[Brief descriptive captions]
----------------

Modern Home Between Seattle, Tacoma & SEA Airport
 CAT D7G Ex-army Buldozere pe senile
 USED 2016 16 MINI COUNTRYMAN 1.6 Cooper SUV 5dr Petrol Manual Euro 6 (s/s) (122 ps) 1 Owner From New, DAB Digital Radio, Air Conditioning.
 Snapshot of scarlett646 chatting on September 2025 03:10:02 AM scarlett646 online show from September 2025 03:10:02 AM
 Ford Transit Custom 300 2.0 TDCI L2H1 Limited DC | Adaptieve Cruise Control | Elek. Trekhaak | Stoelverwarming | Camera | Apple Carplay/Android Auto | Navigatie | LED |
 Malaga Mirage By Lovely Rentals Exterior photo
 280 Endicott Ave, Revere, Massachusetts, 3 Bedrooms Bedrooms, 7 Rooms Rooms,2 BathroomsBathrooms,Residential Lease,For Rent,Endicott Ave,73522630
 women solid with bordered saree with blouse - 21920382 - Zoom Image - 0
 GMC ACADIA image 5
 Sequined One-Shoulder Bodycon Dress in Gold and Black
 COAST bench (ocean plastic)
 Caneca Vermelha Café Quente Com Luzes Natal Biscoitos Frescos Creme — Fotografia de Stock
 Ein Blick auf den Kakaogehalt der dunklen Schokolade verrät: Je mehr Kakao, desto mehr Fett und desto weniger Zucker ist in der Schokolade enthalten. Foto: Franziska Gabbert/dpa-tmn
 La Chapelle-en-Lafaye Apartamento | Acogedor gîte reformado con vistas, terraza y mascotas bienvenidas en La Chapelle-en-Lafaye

----------------

## Brief:
All lines above from the line with "Malaga Mirage By" through the line with "Ein Blick auf", both included, are to be set down exactly, with nothing else.

## Output:
 Malaga Mirage By Lovely Rentals Exterior photo
 280 Endicott Ave, Revere, Massachusetts, 3 Bedrooms Bedrooms, 7 Rooms Rooms,2 BathroomsBathrooms,Residential Lease,For Rent,Endicott Ave,73522630
 women solid with bordered saree with blouse - 21920382 - Zoom Image - 0
 GMC ACADIA image 5
 Sequined One-Shoulder Bodycon Dress in Gold and Black
 COAST bench (ocean plastic)
 Caneca Vermelha Café Quente Com Luzes Natal Biscoitos Frescos Creme — Fotografia de Stock
 Ein Blick auf den Kakaogehalt der dunklen Schokolade verrät: Je mehr Kakao, desto mehr Fett und desto weniger Zucker ist in der Schokolade enthalten. Foto: Franziska Gabbert/dpa-tmn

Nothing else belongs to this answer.